Aim of the exercise: Copy every entry below exactly, and keep out the pictures.

Data to examine:
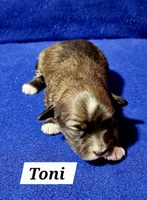 Toni, a male Havanese for sale in Millersburg, IN – Photo 1 of 3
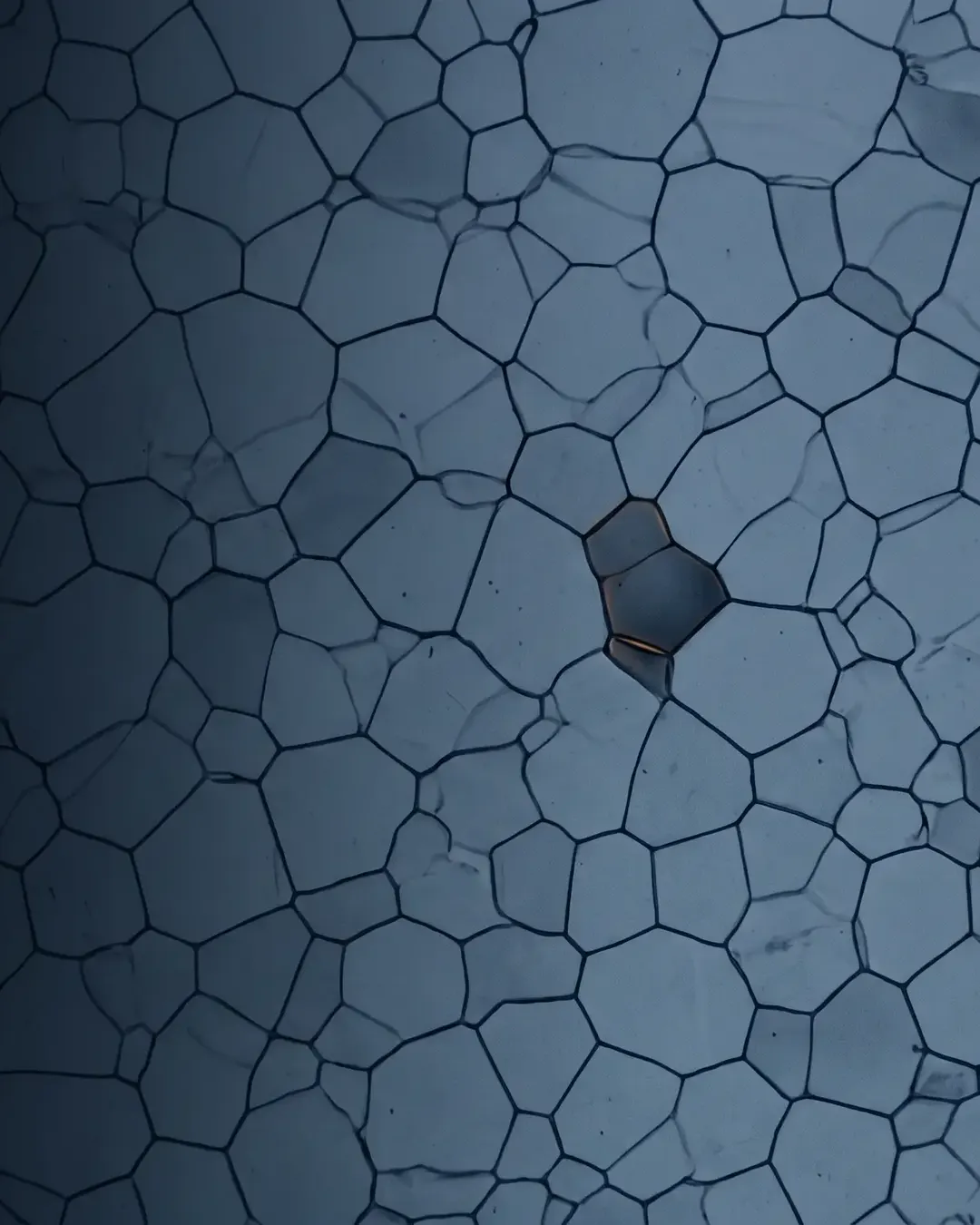 A cold-blue etched micrograph of equiaxed grains and their boundaries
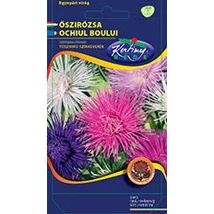 DÍSZNÖVÉNY ŐSZIRÓZSA RÉDEI KERTIMAG tűszírmú színkeverék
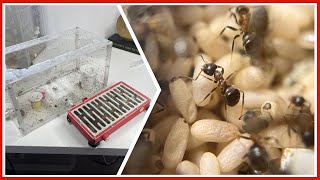 Ma colonie de fourmis va doubler de volume ! (Lasius emarginatus)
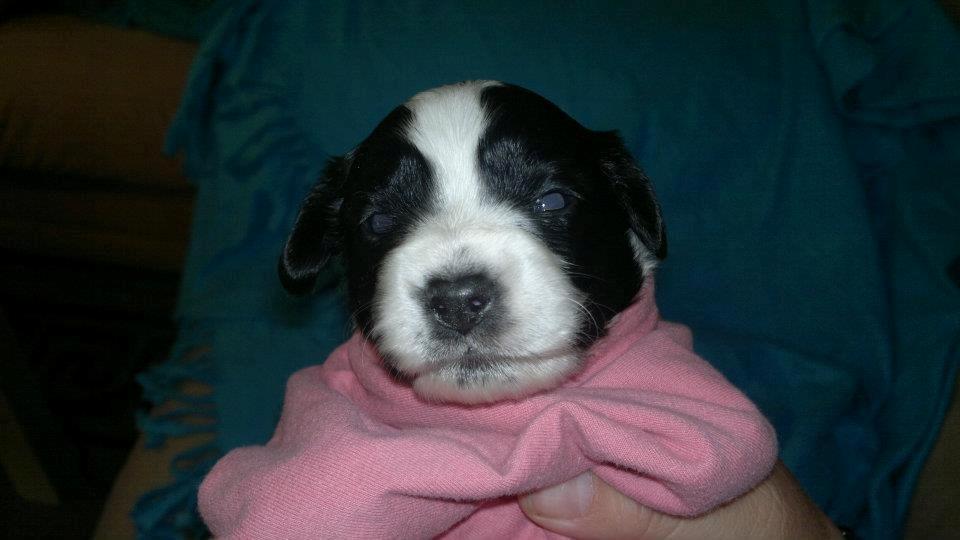 Blanding af racer Lilo billede 3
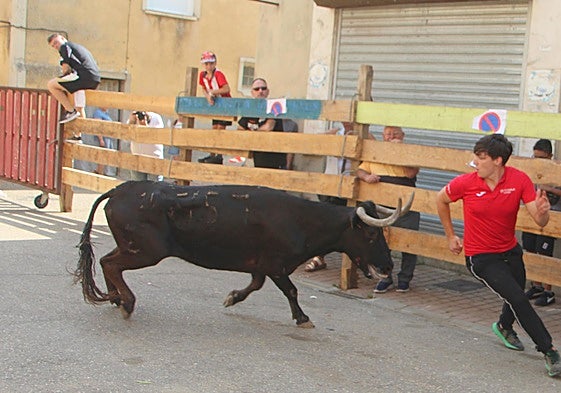 Torquemada disfruta de los encierros tradicionales durante sus Fiestas Patronales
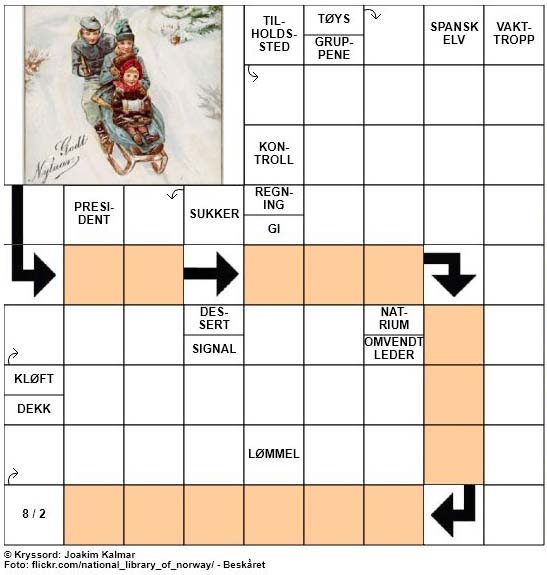 Dagens julekryssord - 30. Desember - 2017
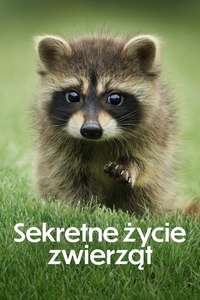 The Secret Lives of Animals - Posters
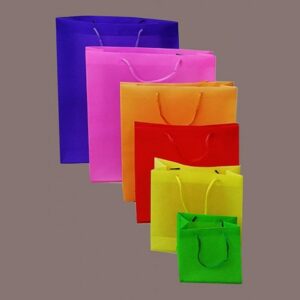 Bolsa Plast.p/Regalo 18x22 .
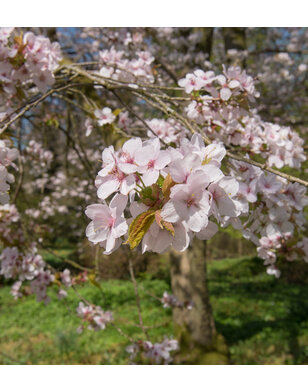 Sierkers | Prunus Spire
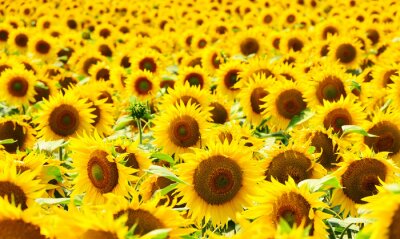 Fotobehang Een veld vol zonnebloemen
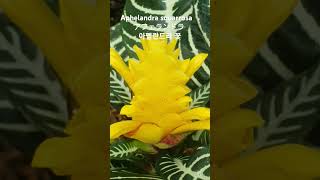 Aphelandra squarrosa 꽃말 quot관용정절quotアフェランドラ ‘ダニア’Zebra Plant아펠란드라 관엽식물 브라질원산 꽃이름 花の名前 flower name [upl. by Mozelle]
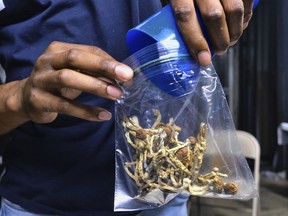 FILE - A vendor bags psilocybin mushrooms at a pop-up cannabis market on May 24, 2019. Minneapolis is backing away from enforcing laws that criminalize psychedelic plants. On Friday, July 21, 2023, Mayor Jacob Frey ordered police to stop using taxpayer dollars to enforce most laws against hallucinogenic plants, which include psilocybin mushrooms, ayahuasca and mescaline.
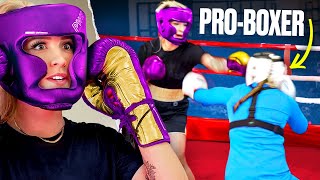 GK Barry fights a PROFESSIONAL Boxer  Great British Adventures 1 [upl. by Adeys]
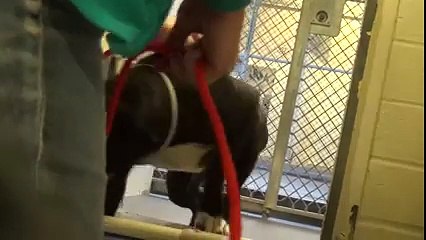 Quelle est la réaction d'un chien quand il se fait adopter ?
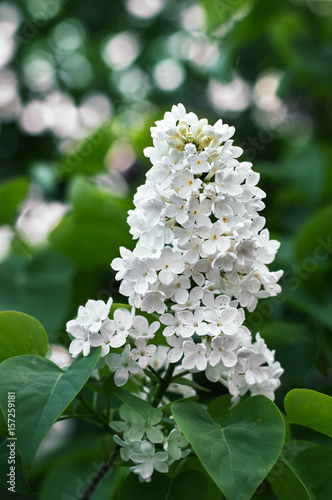 Flowering branch of a white lilac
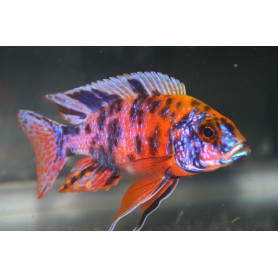 Aulonocara Calico Red Neon Aulonocara Calico Red Neon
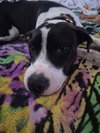 Dotty - Photo 18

Your response:
 Toni, a male Havanese for sale in Millersburg, IN – Photo 1 of 3
 A cold-blue etched micrograph of equiaxed grains and their boundaries
 DÍSZNÖVÉNY ŐSZIRÓZSA RÉDEI KERTIMAG tűszírmú színkeverék
 Ma colonie de fourmis va doubler de volume ! (Lasius emarginatus)
 Blanding af racer Lilo billede 3
 Torquemada disfruta de los encierros tradicionales durante sus Fiestas Patronales
 Dagens julekryssord - 30. Desember - 2017
 The Secret Lives of Animals - Posters
 Bolsa Plast.p/Regalo 18x22 .
 Sierkers | Prunus Spire
 Fotobehang Een veld vol zonnebloemen
 Aphelandra squarrosa 꽃말 quot관용정절quotアフェランドラ ‘ダニア’Zebra Plant아펠란드라 관엽식물 브라질원산 꽃이름 花の名前 flower name [upl. by Mozelle]
 FILE - A vendor bags psilocybin mushrooms at a pop-up cannabis market on May 24, 2019. Minneapolis is backing away from enforcing laws that criminalize psychedelic plants. On Friday, July 21, 2023, Mayor Jacob Frey ordered police to stop using taxpayer dollars to enforce most laws against hallucinogenic plants, which include psilocybin mushrooms, ayahuasca and mescaline.
 GK Barry fights a PROFESSIONAL Boxer  Great British Adventures 1 [upl. by Adeys]
 Quelle est la réaction d'un chien quand il se fait adopter ?
 Flowering branch of a white lilac
 Aulonocara Calico Red Neon Aulonocara Calico Red Neon
 Dotty - Photo 18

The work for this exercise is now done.